Eastern Bloc companies in trouble
IMT finally shut its doors in 2016 due to poor sales and lack of investment in its Serbian factory.
It was purchased from bankruptcy in 2018 by the Indian company, TAFE, which proposed a modest output of 1,000 Massey Ferguson lookalikes a year.
More recently the even less well-known Kharkiv tractor plant in the Ukraine is said to have sold just 827 units in 2020.
This represents a 75% reduction since 2017, which, as one Ukrainian government analyst, Dr. Yaroslav Navrotsky, has noted “is approaching the brink of extinction”.
Left behind by western tractors
If Eastern Bloc tractors were considered slightly backward towards the end of the 20th century, then the rapid expansion of digital technology has left them gasping in this one.
Dr. Navrotsky outlines the issues facing machines from the Kharkiv factory:
“Outdated production technologies, inefficiency, inconvenience, unreliability and imperfect ergonomics – lead to their complete or partial unsuitability for modern precision farming technologies, where satellite navigation is widely used for the optimisation of application of materials, fertilisers and plant protection products using computer technology.”
This is a pattern which would appear to be applicable in various degrees to all the Eastern Bloc manufacturers.
To make matters worse, foreign investment to bring both product lines and production facilities up to date, has not been forthcoming.
Instead, it has been up to the manufacturers to buy in western technology. Both Ursus and Zetor power their top models with a Deutz six-cylinder engine and Ursus also uses a ZF transmission on its flagship C-3150.

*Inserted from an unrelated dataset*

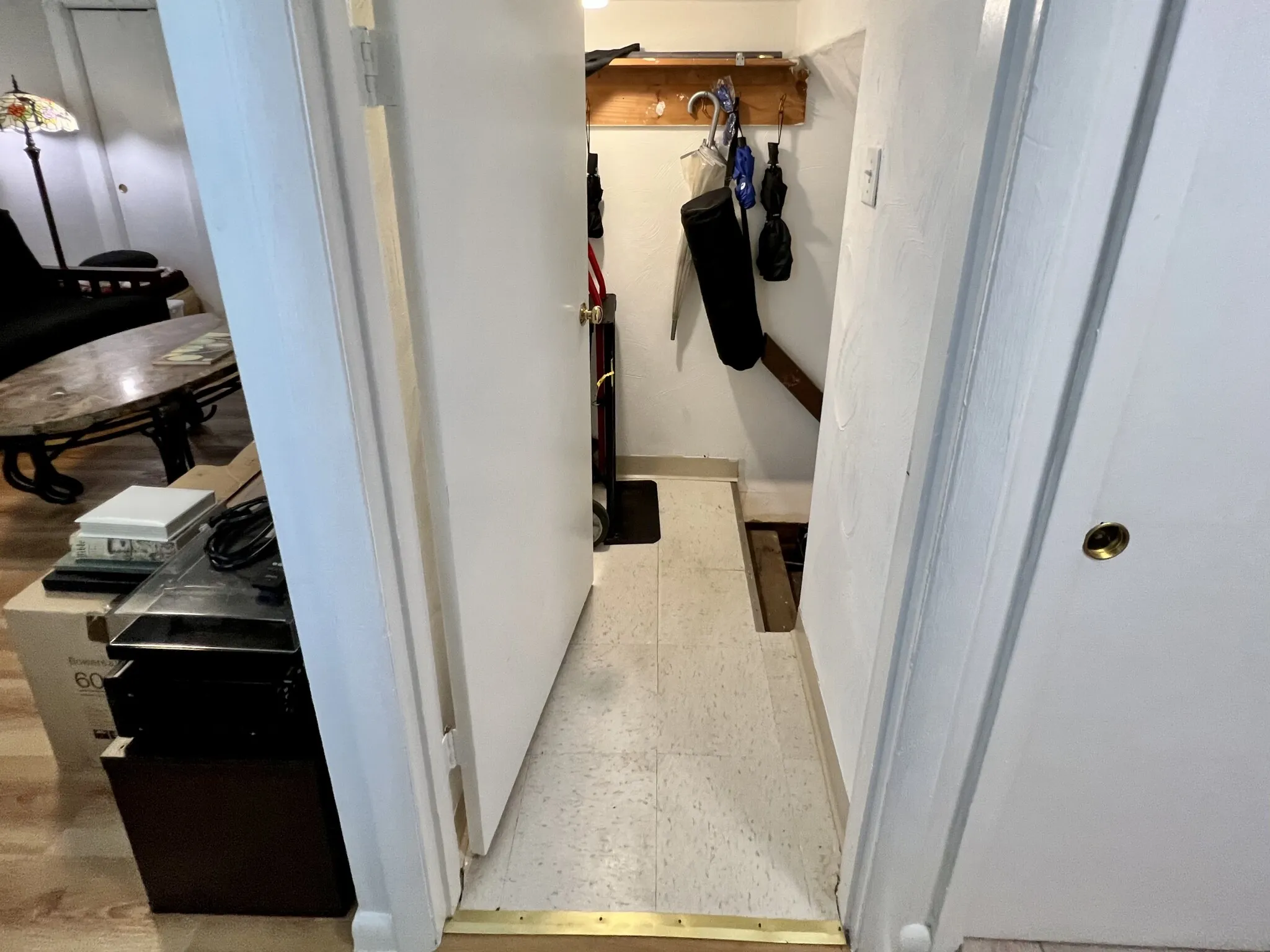 2 bed, 1 bath apartment for rent at 11 5th St Unit 4, East Cambridge — photo 7 of 33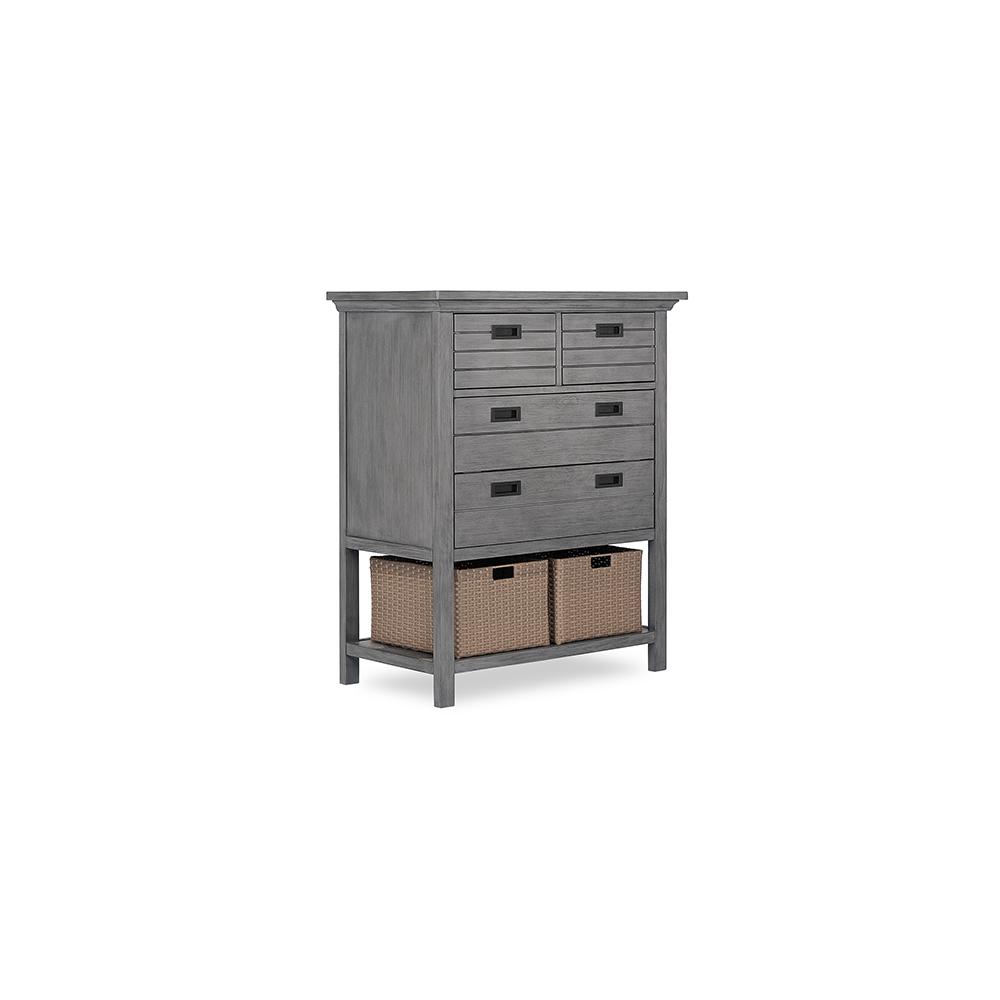 Tall Chest. Picture 2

Digital technology required
The rationale behind western companies’ reluctance to get involved is not too hard to find.
Dr. Navrotsky points to the importation of used tractors from the west which had an average price of $56,000 for models of around 175hp.
A new Kharkiv equivalent is the same price, but without the sophistication. And sophistication on higher horse power tractors is in demand.
The former communist countries thus act to absorb second-hand stock from the west, and so put a floor in the used tractor market, vital to new machinery sales in markets that can afford to buy the latest equipment.
The road ahead
In a bid to avoid a complete meltdown of the Ukrainian tractor manufacturing industry, Dr. Navrotsky recommends two critical paths of action.
The first is the acquisition of modern foreign technologies, including assembly methods, which will increase efficiency of the tractors and their production. This, he believes, will boost the attractiveness of the indigenous product.
The second is to concentrate on developing the quality and reducing the price of lower-powered tractors which do not require the latest electronics to satisfy the smaller farmer.
Such action will also stave off competition from China, which is seen as just as great a threat to the industry as outdated models.
The growth in tractor size has accelerated over the past decade or so. 500hp is no longer considered outrageous, but machines of this size require careful electronic management to obtain the best performance.
Unfortunately for the manufacturers of the old Soviet empire, they have not been able to keep up due to the lack of a home market, vital to any company. Yet this is changing, but the unit numbers are small and investment funds scarce.
They would, at best, hope to stay in business by satisfying the more basic end of the market.
However, this is not where a growing number of farmers, from both sides, are buying their machinery.